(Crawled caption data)
*** Block opens ***

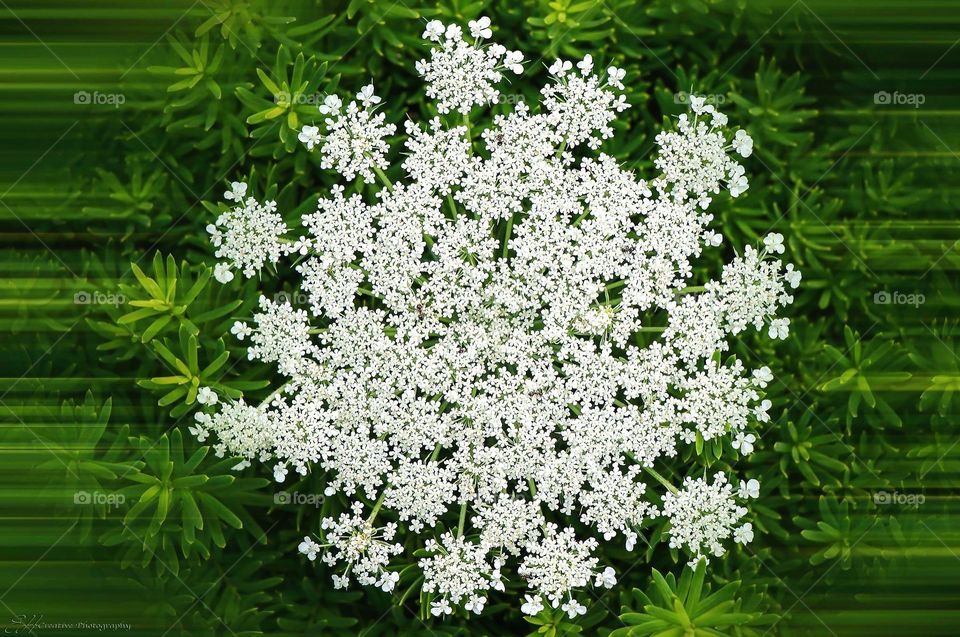 Lace Weed Plant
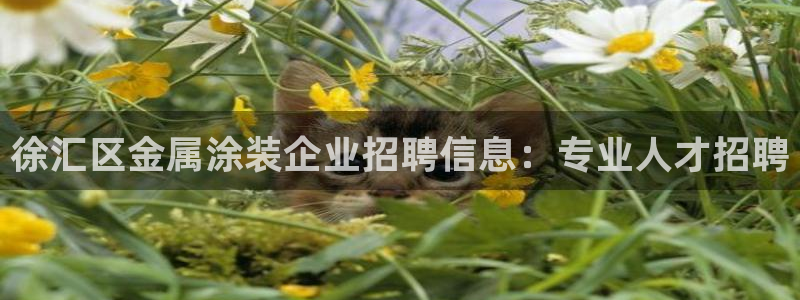 美高梅酒店品牌系列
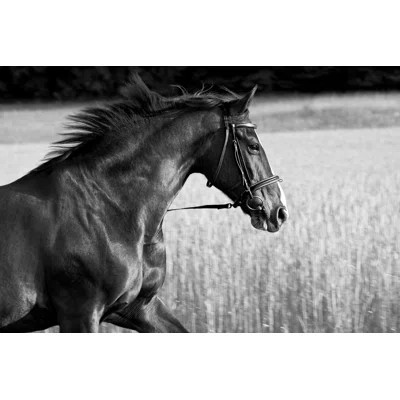 Black Horse Running by Ralfweigel - Wrapped Canvas Photograph | Wayfair Professional
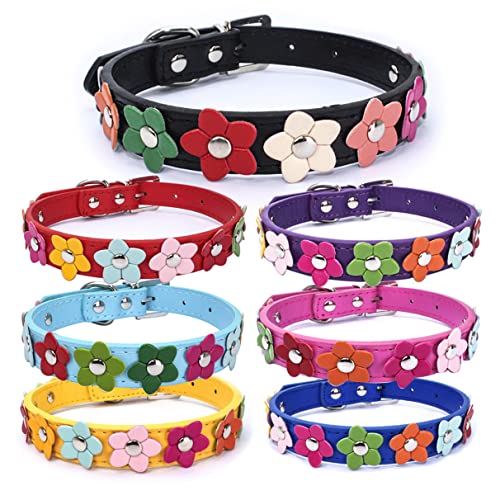 Hundehalsband, PU-Leder, zweireihig, Blumen-Design, bunt, verstellbar, für kleine oder mittelgroße Hunde, Schwarz, Größe L von Hotlion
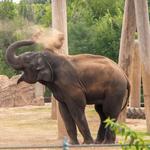 Oklahoma City Zoo
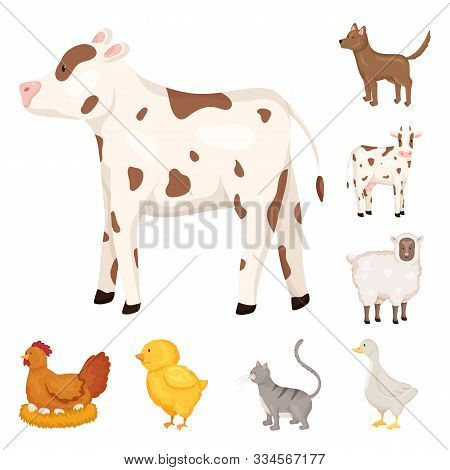 Vector Illustration Of Farm And Food Icon. Collection Of Farm And Countryside Vector Icon For Stock.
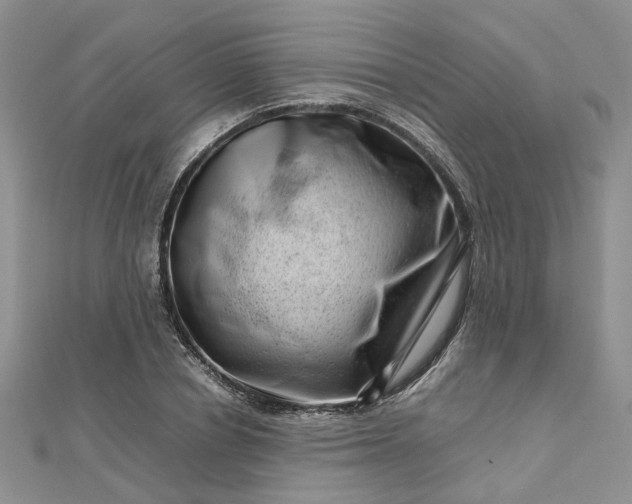 X0000112810834200909041452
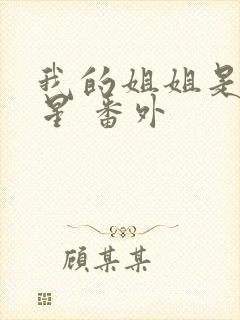 我的姐姐是大明星 番外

*** Block closes ***

▸ About this task
Please give back exactly the lines from the first line of the records above through the line containing "Oklahoma City Zoo", only those and both included, with the pictures removed.

▸ Solution for this exercise
 Lace Weed Plant
 美高梅酒店品牌系列
 Black Horse Running by Ralfweigel - Wrapped Canvas Photograph | Wayfair Professional
 Hundehalsband, PU-Leder, zweireihig, Blumen-Design, bunt, verstellbar, für kleine oder mittelgroße Hunde, Schwarz, Größe L von Hotlion
 Oklahoma City Zoo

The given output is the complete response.